_WORK INSTRUCTIONS_. When every entry has been read, print each one back exactly.

_PROVIDED DATA_.

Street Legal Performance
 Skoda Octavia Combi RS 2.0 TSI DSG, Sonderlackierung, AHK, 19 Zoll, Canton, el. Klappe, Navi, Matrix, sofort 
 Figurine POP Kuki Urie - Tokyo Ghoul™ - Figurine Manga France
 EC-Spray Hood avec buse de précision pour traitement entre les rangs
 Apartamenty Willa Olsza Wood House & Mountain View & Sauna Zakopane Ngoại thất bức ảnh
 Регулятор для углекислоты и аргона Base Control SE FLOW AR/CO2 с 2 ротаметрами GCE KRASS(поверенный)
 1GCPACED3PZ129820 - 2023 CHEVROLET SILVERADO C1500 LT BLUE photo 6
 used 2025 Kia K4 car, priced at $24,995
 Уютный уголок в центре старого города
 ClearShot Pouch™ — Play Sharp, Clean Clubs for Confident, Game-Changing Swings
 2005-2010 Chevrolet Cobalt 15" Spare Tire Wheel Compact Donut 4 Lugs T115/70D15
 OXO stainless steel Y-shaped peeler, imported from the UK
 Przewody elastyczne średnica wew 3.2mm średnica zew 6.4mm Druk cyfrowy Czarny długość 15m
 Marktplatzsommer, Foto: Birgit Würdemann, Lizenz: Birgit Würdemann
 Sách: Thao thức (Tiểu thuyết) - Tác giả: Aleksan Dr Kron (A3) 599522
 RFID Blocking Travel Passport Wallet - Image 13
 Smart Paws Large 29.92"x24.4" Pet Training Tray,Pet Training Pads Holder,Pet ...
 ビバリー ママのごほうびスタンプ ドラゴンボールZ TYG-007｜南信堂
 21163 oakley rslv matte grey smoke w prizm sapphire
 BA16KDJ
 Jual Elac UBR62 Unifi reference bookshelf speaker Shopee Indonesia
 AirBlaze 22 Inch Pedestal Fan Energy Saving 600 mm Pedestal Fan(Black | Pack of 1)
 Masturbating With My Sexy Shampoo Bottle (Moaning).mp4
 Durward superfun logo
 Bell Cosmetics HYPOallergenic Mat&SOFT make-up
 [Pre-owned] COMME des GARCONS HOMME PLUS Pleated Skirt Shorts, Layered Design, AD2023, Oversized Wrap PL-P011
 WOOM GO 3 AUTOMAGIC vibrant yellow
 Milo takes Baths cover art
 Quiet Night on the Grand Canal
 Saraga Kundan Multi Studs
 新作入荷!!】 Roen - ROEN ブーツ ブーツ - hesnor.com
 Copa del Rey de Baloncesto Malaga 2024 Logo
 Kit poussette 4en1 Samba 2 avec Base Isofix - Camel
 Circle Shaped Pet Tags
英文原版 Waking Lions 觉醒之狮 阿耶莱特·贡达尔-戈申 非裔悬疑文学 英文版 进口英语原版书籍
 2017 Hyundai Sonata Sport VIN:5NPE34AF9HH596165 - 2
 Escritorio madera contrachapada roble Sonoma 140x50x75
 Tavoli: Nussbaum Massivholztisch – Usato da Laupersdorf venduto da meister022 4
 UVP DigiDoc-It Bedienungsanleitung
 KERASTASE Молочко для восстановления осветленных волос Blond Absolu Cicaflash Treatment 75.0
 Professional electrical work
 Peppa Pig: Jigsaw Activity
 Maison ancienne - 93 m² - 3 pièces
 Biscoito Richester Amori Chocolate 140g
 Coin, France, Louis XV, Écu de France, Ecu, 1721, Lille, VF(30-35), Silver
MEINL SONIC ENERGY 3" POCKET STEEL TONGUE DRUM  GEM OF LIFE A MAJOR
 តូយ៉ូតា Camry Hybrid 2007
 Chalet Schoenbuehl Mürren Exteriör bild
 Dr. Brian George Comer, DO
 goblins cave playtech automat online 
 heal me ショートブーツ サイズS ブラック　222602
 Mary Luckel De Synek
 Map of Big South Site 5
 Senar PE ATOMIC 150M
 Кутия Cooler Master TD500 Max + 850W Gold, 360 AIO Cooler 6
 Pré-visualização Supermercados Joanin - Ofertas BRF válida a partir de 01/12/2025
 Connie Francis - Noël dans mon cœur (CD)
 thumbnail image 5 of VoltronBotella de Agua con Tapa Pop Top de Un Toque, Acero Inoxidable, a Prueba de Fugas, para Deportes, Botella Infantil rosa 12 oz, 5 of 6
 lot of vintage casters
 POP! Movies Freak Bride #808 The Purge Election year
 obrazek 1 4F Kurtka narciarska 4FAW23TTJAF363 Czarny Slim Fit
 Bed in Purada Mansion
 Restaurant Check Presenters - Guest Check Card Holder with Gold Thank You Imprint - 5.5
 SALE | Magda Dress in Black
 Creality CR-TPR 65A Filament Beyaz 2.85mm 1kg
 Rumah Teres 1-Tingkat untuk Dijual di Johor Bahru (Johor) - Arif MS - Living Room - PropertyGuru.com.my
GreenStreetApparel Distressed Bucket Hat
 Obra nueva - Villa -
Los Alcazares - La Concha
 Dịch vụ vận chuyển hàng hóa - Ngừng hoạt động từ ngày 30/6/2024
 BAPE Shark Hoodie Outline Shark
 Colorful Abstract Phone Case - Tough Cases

_RESULT OF THIS EXERCISE_.
Street Legal Performance
 Skoda Octavia Combi RS 2.0 TSI DSG, Sonderlackierung, AHK, 19 Zoll, Canton, el. Klappe, Navi, Matrix, sofort 
 Figurine POP Kuki Urie - Tokyo Ghoul™ - Figurine Manga France
 EC-Spray Hood avec buse de précision pour traitement entre les rangs
 Apartamenty Willa Olsza Wood House & Mountain View & Sauna Zakopane Ngoại thất bức ảnh
 Регулятор для углекислоты и аргона Base Control SE FLOW AR/CO2 с 2 ротаметрами GCE KRASS(поверенный)
 1GCPACED3PZ129820 - 2023 CHEVROLET SILVERADO C1500 LT BLUE photo 6
 used 2025 Kia K4 car, priced at $24,995
 Уютный уголок в центре старого города
 ClearShot Pouch™ — Play Sharp, Clean Clubs for Confident, Game-Changing Swings
 2005-2010 Chevrolet Cobalt 15" Spare Tire Wheel Compact Donut 4 Lugs T115/70D15
 OXO stainless steel Y-shaped peeler, imported from the UK
 Przewody elastyczne średnica wew 3.2mm średnica zew 6.4mm Druk cyfrowy Czarny długość 15m
 Marktplatzsommer, Foto: Birgit Würdemann, Lizenz: Birgit Würdemann
 Sách: Thao thức (Tiểu thuyết) - Tác giả: Aleksan Dr Kron (A3) 599522
 RFID Blocking Travel Passport Wallet - Image 13
 Smart Paws Large 29.92"x24.4" Pet Training Tray,Pet Training Pads Holder,Pet ...
 ビバリー ママのごほうびスタンプ ドラゴンボールZ TYG-007｜南信堂
 21163 oakley rslv matte grey smoke w prizm sapphire
 BA16KDJ
 Jual Elac UBR62 Unifi reference bookshelf speaker Shopee Indonesia
 AirBlaze 22 Inch Pedestal Fan Energy Saving 600 mm Pedestal Fan(Black | Pack of 1)
 Masturbating With My Sexy Shampoo Bottle (Moaning).mp4
 Durward superfun logo
 Bell Cosmetics HYPOallergenic Mat&SOFT make-up
 [Pre-owned] COMME des GARCONS HOMME PLUS Pleated Skirt Shorts, Layered Design, AD2023, Oversized Wrap PL-P011
 WOOM GO 3 AUTOMAGIC vibrant yellow
 Milo takes Baths cover art
 Quiet Night on the Grand Canal
 Saraga Kundan Multi Studs
 新作入荷!!】 Roen - ROEN ブーツ ブーツ - hesnor.com
 Copa del Rey de Baloncesto Malaga 2024 Logo
 Kit poussette 4en1 Samba 2 avec Base Isofix - Camel
 Circle Shaped Pet Tags
英文原版 Waking Lions 觉醒之狮 阿耶莱特·贡达尔-戈申 非裔悬疑文学 英文版 进口英语原版书籍
 2017 Hyundai Sonata Sport VIN:5NPE34AF9HH596165 - 2
 Escritorio madera contrachapada roble Sonoma 140x50x75
 Tavoli: Nussbaum Massivholztisch – Usato da Laupersdorf venduto da meister022 4
 UVP DigiDoc-It Bedienungsanleitung
 KERASTASE Молочко для восстановления осветленных волос Blond Absolu Cicaflash Treatment 75.0
 Professional electrical work
 Peppa Pig: Jigsaw Activity
 Maison ancienne - 93 m² - 3 pièces
 Biscoito Richester Amori Chocolate 140g
 Coin, France, Louis XV, Écu de France, Ecu, 1721, Lille, VF(30-35), Silver
MEINL SONIC ENERGY 3" POCKET STEEL TONGUE DRUM  GEM OF LIFE A MAJOR
 តូយ៉ូតា Camry Hybrid 2007
 Chalet Schoenbuehl Mürren Exteriör bild
 Dr. Brian George Comer, DO
 goblins cave playtech automat online 
 heal me ショートブーツ サイズS ブラック　222602
 Mary Luckel De Synek
 Map of Big South Site 5
 Senar PE ATOMIC 150M
 Кутия Cooler Master TD500 Max + 850W Gold, 360 AIO Cooler 6
 Pré-visualização Supermercados Joanin - Ofertas BRF válida a partir de 01/12/2025
 Connie Francis - Noël dans mon cœur (CD)
 thumbnail image 5 of VoltronBotella de Agua con Tapa Pop Top de Un Toque, Acero Inoxidable, a Prueba de Fugas, para Deportes, Botella Infantil rosa 12 oz, 5 of 6
 lot of vintage casters
 POP! Movies Freak Bride #808 The Purge Election year
 obrazek 1 4F Kurtka narciarska 4FAW23TTJAF363 Czarny Slim Fit
 Bed in Purada Mansion
 Restaurant Check Presenters - Guest Check Card Holder with Gold Thank You Imprint - 5.5
 SALE | Magda Dress in Black
 Creality CR-TPR 65A Filament Beyaz 2.85mm 1kg
 Rumah Teres 1-Tingkat untuk Dijual di Johor Bahru (Johor) - Arif MS - Living Room - PropertyGuru.com.my
GreenStreetApparel Distressed Bucket Hat
 Obra nueva - Villa -
Los Alcazares - La Concha
 Dịch vụ vận chuyển hàng hóa - Ngừng hoạt động từ ngày 30/6/2024
 BAPE Shark Hoodie Outline Shark
 Colorful Abstract Phone Case - Tough Cases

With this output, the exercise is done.